7. South Carolina. The Gamecocks are actually probably under-valued here, but the location of the Georgia game matters.
8. Clemson. The Tigers are SEC-wannabes, and could prove they should be if they can beat both Georgia and the other USC. Which they actually might. But are they deep enough to beat everyone else as well?
9. Oklahoma St. This is another case where I see the schedule and a strong run through the Big XII are going to favor the Cowboys.
10. Florida. Perception of the strength of the SEC, and the need to rank the Gators ahead of the Seminoles after they beat them, will garner them a top 10 season with a top 20 team.
11. Florida St. A good, and fast team, which will disappoint at several points, but still get votes they shouldn't for beating other over-rated ACC opponents.
12. LSU. A top 10 defense without a top 30 offense, but with SEC street cred.
13. Texas. Mack Brown needs to get something close to the potential out of his program in order for it to remain his program. That's motivation.

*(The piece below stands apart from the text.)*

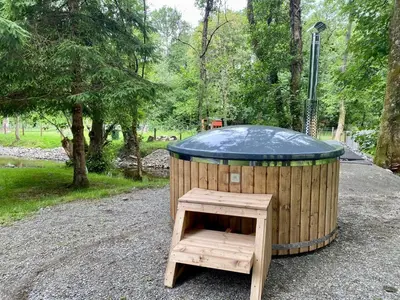 a wooden dog house with a wooden stool in a park at River View Glamping in Llandovery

14. Texas A&M. The Aggies will fall farther than this if Johnny Manzel isn't there all year, but even if he is, SEC defenses now know what they are up against.
15. Boise St. The Broncos will pile up the wins and eventually some other teams are going to pile up too many losses. But the desire to avoid getting exposed will keep people from allowing that to happen.
16. Michigan. The Big 10 is more than just a slower version of the SEC, but there's an interesting phenomena at work here. The SEC beats each other up in a series of games between pretty well matched teams, but the losers get credit for playing competitive opponents, while the Big 10 does the same thing, and their losers get penalized more for losing to competitive teams than they get credit for beating them. The Wolverines will win more than their close competition though.
17. Oklahoma. Bob Stoops will get at least 1 big win to keep the Sooners in the national conversation.
18. Notre Dame. The Irish deserve credit for a Irish-Top-10 worthy schedule, but they will need their brand name to get them a better bowl game to get blown out of than their talent will earn.